**Problem to solve**
Of all the lines below, return only those starting with the line holding "RACHMANINOV PUSAR HANS" and going on through the line holding "3781 W Beartooth", exactly as written.

**Available data**
***
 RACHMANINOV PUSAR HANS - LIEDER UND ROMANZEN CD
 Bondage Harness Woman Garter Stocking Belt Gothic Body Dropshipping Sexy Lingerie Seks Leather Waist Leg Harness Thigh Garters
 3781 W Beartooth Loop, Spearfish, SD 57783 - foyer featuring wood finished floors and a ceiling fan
***
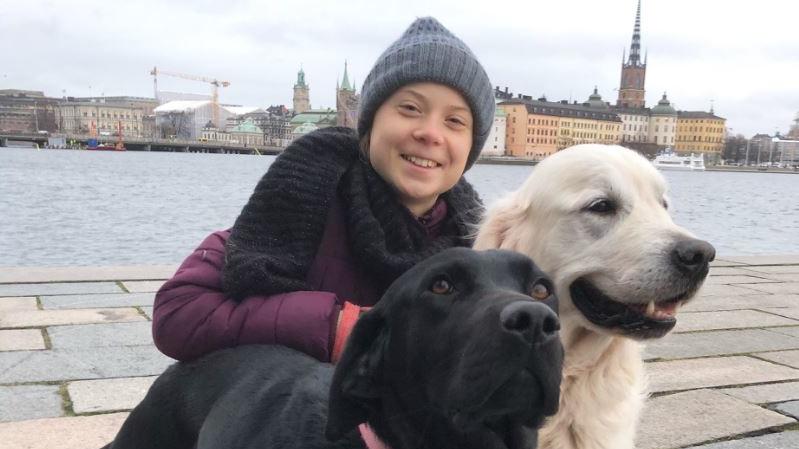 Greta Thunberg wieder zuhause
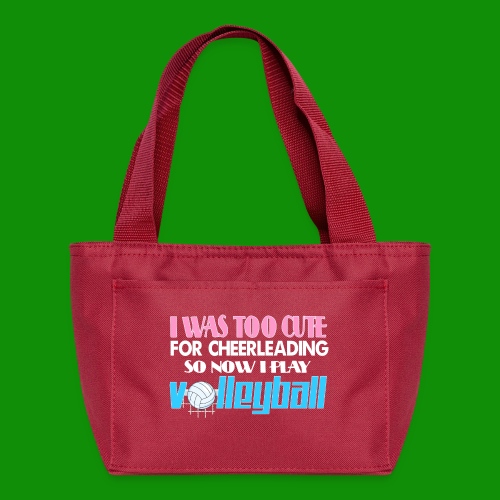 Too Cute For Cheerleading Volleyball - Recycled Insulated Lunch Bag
***
**Response to the exercise**
 RACHMANINOV PUSAR HANS - LIEDER UND ROMANZEN CD
 Bondage Harness Woman Garter Stocking Belt Gothic Body Dropshipping Sexy Lingerie Seks Leather Waist Leg Harness Thigh Garters
 3781 W Beartooth Loop, Spearfish, SD 57783 - foyer featuring wood finished floors and a ceiling fan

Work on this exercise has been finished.